Ich darf wieder auf meinen beiden Beinen unterwegs sein. Meine Zehen stecken in stabilen Wanderschuhen, dort haben sie viel Platz. Sie mussten sich ins Leben hinein krümmen, habe ich sie doch in jungen Jahren im Training und Alltag erbarmungslos in die Enge gedrängt und beansprucht. Jetzt dürfen sie sich ins Leben ausstrecken.

Mein Gepäck werde ich mit mir tragen, das Notwendigste für Wandertage.

Mit jedem Schritt werden sich meine Fingerspitzen nach den hohen Grashalmen an meiner Seite ausstrecken, um ihr knisterndes Rascheln zu hören und feste, nahrhafte Samenkörner zu spüren.

Das Danke breitet sich in mir aus.

Eine Kerze möchte ich innerlich für mich anzünden, bei jedem bewussten Atemzug. In mein Inneres einkehren wie in eine kleine Kapelle, wo es für den Bruchteil eines Wimpernschlags unendlich lange still und wohlig wird. Wo immer wieder das Licht aufscheint und niemand kommt, um es abends auszulöschen.

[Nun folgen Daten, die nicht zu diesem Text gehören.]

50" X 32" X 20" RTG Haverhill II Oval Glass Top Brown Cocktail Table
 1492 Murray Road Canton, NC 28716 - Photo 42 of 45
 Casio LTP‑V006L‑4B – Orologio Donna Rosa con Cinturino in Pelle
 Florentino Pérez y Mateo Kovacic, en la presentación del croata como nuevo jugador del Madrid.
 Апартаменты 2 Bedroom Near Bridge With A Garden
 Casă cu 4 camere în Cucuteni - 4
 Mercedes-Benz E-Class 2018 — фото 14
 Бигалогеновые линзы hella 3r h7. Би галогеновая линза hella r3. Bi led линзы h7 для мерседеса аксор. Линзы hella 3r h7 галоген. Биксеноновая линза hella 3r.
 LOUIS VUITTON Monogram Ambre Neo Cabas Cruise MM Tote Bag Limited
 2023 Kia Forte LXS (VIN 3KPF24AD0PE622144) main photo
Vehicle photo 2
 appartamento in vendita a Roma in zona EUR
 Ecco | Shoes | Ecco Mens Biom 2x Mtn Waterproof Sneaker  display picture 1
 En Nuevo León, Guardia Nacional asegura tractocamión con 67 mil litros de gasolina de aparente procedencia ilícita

Hier brennen Lichter in farbigen Gläschen. Ihre wellenverspielten Reflexionen tanzen auf einem tiefen See, dessen Seerosenblüten den Sommer feiern.

Dort ist der Mond der vergangenen Tage, der durch dichten Wald schimmert. Er weist denjenigen den Weg, die sich auf seine zartscheinenden Hinweise verlassen möchten. Dämmerung schenkt mehr als dass sie verbirgt.